A recent TikTok of a podcast clip by @meangirlpod has been sparking conversation recently, posing a controversial question: Should you delete photos of you and your ex from your phone and social media pages?
Jordyn Woodruff, co-host of the podcast, shared that after she and her boyfriend of five years broke up, she deleted all their photos within a day. However, she said she regretted this decision.
“It was a huge slap in his face,” she admitted, adding that her ex felt hurt by her decision.
“It wasn’t a healthy coping mechanism,” she continued, saying that she should have waited to slowly delete the photos rather than getting rid of all of them immediately and at once.
Is Keeping Photos of Your Ex a Bad Thing?

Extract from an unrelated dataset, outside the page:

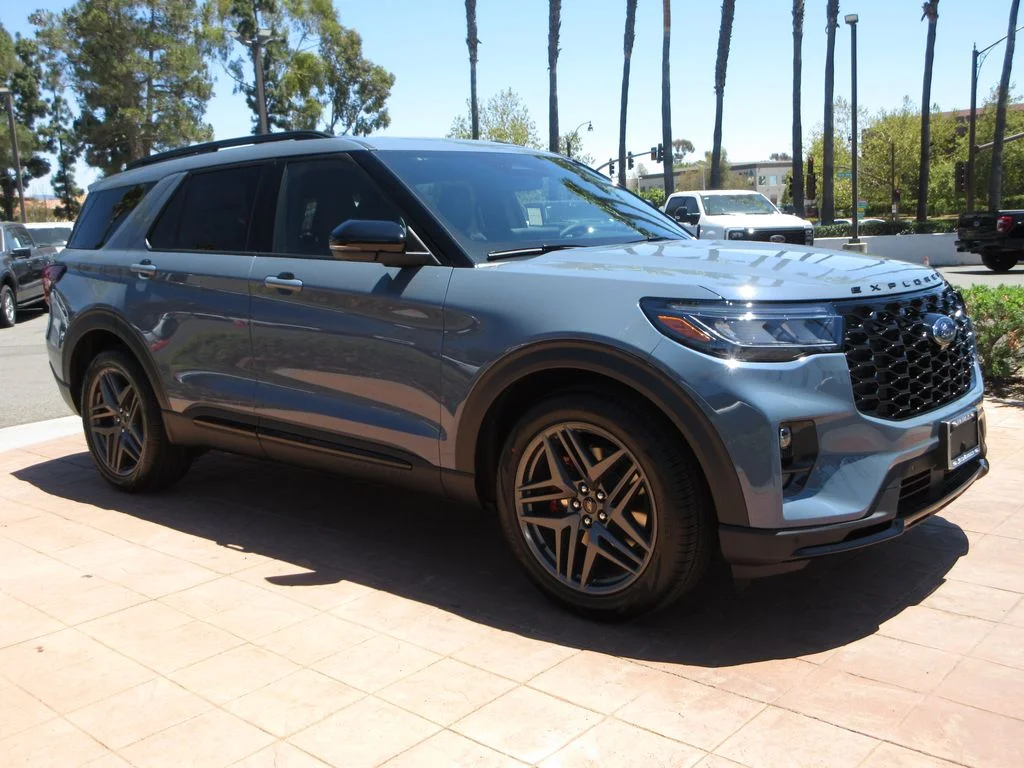 New 2026 Vapor Blue Metallic Ford ST image 6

According to Compare and Recycle’s Digital Declutter study, 24% of Brits have opted to actively delete pictures with their ex-partners. On the other hand, about 1 in 10 admitted to still having photos of their ex on their phone, despite having a new partner.

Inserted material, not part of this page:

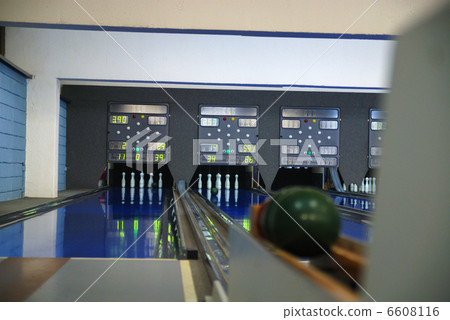 A night at the bowling court A night at the bowling court 6608116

What’s more? Over half of Brits said they’d be upset if their partner kept photos of an ex, while a quarter said they “don’t mind.”
Kate Mansfield, dating and relationship coach, told Compare and Recycle that such cases depend on the particular relationship and the type of photos.
“There’s no one-size-fits-all rule, but context matters,” she said. “If it’s just an old photo buried in your camera roll that you never look at, that’s different from having a folder of cute couple pics you’re revisiting regularly.”
Regardless, this topic often stirs up problems within a relationship.
“It’s one of those issues that seems small on the surface but taps into deeper stuff—trust, insecurity, boundaries,” Mansfield said. “It comes up more than people expect, especially early in a relationship or during transitions like moving in together.”
Here’s What People Are Saying
In the comment section of the MEAN GIRL podcast, other individuals shared their perspectives on this matter. There were some varied responses.
Many people were strict about deleting their exes from their lives. Or, well, out of their phones.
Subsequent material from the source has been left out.